### [Task requirements]
Your answer must be a word-for-word copy of the listing, with all pictures excluded.

---- Provided material

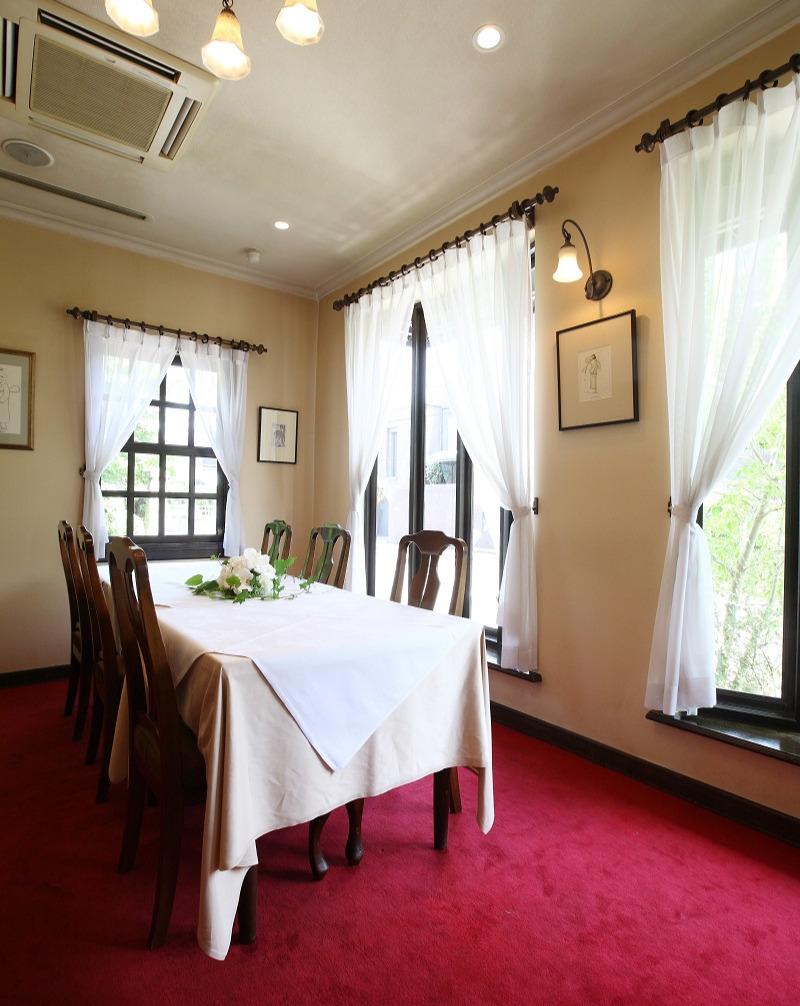 ChezKOBE(レストラン シェ・コーベ) ロビー・控室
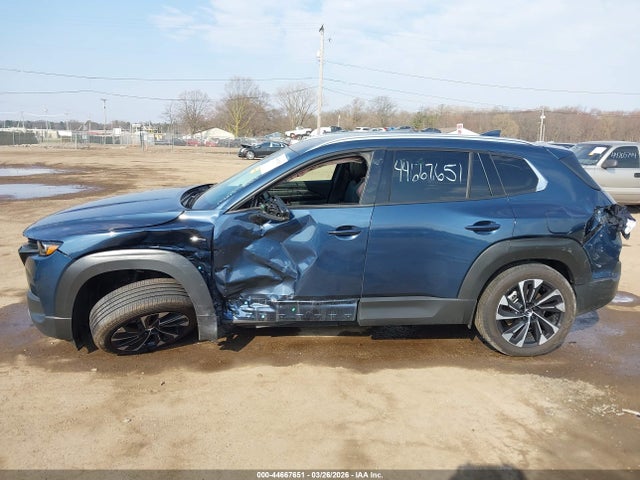 44667651 :رقم المزاد ، 7MMVAAEW1SN119834 vin ، 2025 Mazda Cx-50 Hybrid Premium Plus Package مزاد بيع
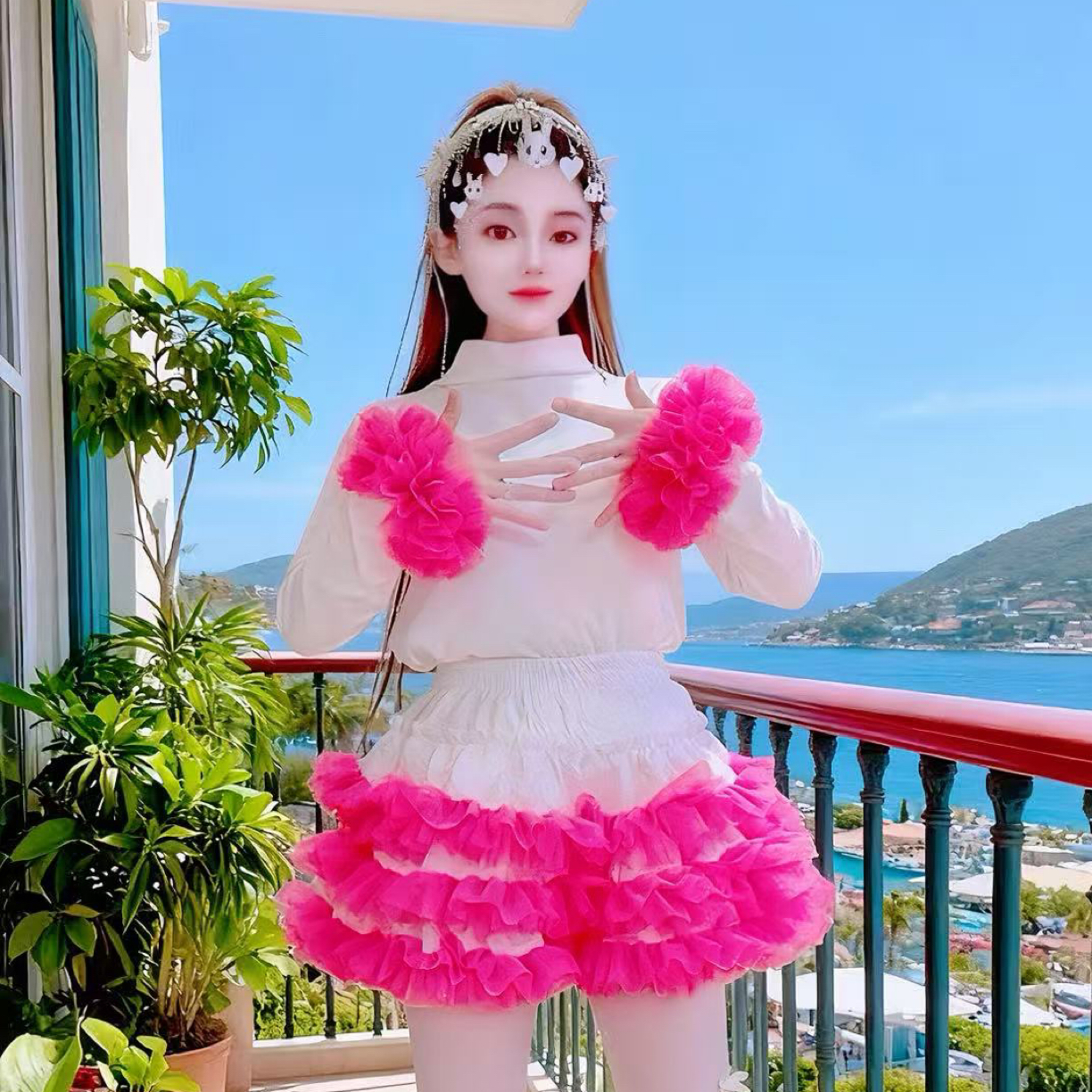 【面条家】5643#原创设计师新款显瘦仙仙甜美内搭打底衫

--------

### [Response to this task]
 ChezKOBE(レストラン シェ・コーベ) ロビー・控室
 44667651 :رقم المزاد ، 7MMVAAEW1SN119834 vin ، 2025 Mazda Cx-50 Hybrid Premium Plus Package مزاد بيع
 【面条家】5643#原创设计师新款显瘦仙仙甜美内搭打底衫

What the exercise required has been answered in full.